_Dataset_
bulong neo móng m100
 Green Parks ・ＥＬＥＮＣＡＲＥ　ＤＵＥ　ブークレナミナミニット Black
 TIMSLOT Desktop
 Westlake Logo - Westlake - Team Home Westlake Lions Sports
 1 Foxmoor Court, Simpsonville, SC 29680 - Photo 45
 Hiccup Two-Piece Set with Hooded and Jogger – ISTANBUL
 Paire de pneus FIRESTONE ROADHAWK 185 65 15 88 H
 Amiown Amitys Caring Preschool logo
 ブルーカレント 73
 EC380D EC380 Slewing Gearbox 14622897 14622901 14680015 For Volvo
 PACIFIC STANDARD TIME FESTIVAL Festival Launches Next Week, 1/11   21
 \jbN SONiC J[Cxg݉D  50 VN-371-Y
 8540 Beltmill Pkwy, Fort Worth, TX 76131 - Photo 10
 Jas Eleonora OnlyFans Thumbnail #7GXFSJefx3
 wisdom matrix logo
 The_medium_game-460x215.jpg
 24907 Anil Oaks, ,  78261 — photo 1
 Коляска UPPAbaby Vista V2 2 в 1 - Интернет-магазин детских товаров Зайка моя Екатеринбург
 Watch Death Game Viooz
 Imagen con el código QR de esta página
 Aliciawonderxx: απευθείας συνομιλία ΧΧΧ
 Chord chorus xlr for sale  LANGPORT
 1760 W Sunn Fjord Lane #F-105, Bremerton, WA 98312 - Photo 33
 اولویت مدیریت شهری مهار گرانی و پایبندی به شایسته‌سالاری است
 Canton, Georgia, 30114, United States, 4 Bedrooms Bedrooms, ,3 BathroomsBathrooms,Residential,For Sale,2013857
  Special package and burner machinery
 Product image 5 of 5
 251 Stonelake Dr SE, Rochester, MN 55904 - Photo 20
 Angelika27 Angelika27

_Task description_
Your answer should be all of the records, transcribed exactly.

_Task solution_
bulong neo móng m100
 Green Parks ・ＥＬＥＮＣＡＲＥ　ＤＵＥ　ブークレナミナミニット Black
 TIMSLOT Desktop
 Westlake Logo - Westlake - Team Home Westlake Lions Sports
 1 Foxmoor Court, Simpsonville, SC 29680 - Photo 45
 Hiccup Two-Piece Set with Hooded and Jogger – ISTANBUL
 Paire de pneus FIRESTONE ROADHAWK 185 65 15 88 H
 Amiown Amitys Caring Preschool logo
 ブルーカレント 73
 EC380D EC380 Slewing Gearbox 14622897 14622901 14680015 For Volvo
 PACIFIC STANDARD TIME FESTIVAL Festival Launches Next Week, 1/11   21
 \jbN SONiC J[Cxg݉D  50 VN-371-Y
 8540 Beltmill Pkwy, Fort Worth, TX 76131 - Photo 10
 Jas Eleonora OnlyFans Thumbnail #7GXFSJefx3
 wisdom matrix logo
 The_medium_game-460x215.jpg
 24907 Anil Oaks, ,  78261 — photo 1
 Коляска UPPAbaby Vista V2 2 в 1 - Интернет-магазин детских товаров Зайка моя Екатеринбург
 Watch Death Game Viooz
 Imagen con el código QR de esta página
 Aliciawonderxx: απευθείας συνομιλία ΧΧΧ
 Chord chorus xlr for sale  LANGPORT
 1760 W Sunn Fjord Lane #F-105, Bremerton, WA 98312 - Photo 33
 اولویت مدیریت شهری مهار گرانی و پایبندی به شایسته‌سالاری است
 Canton, Georgia, 30114, United States, 4 Bedrooms Bedrooms, ,3 BathroomsBathrooms,Residential,For Sale,2013857
  Special package and burner machinery
 Product image 5 of 5
 251 Stonelake Dr SE, Rochester, MN 55904 - Photo 20
 Angelika27 Angelika27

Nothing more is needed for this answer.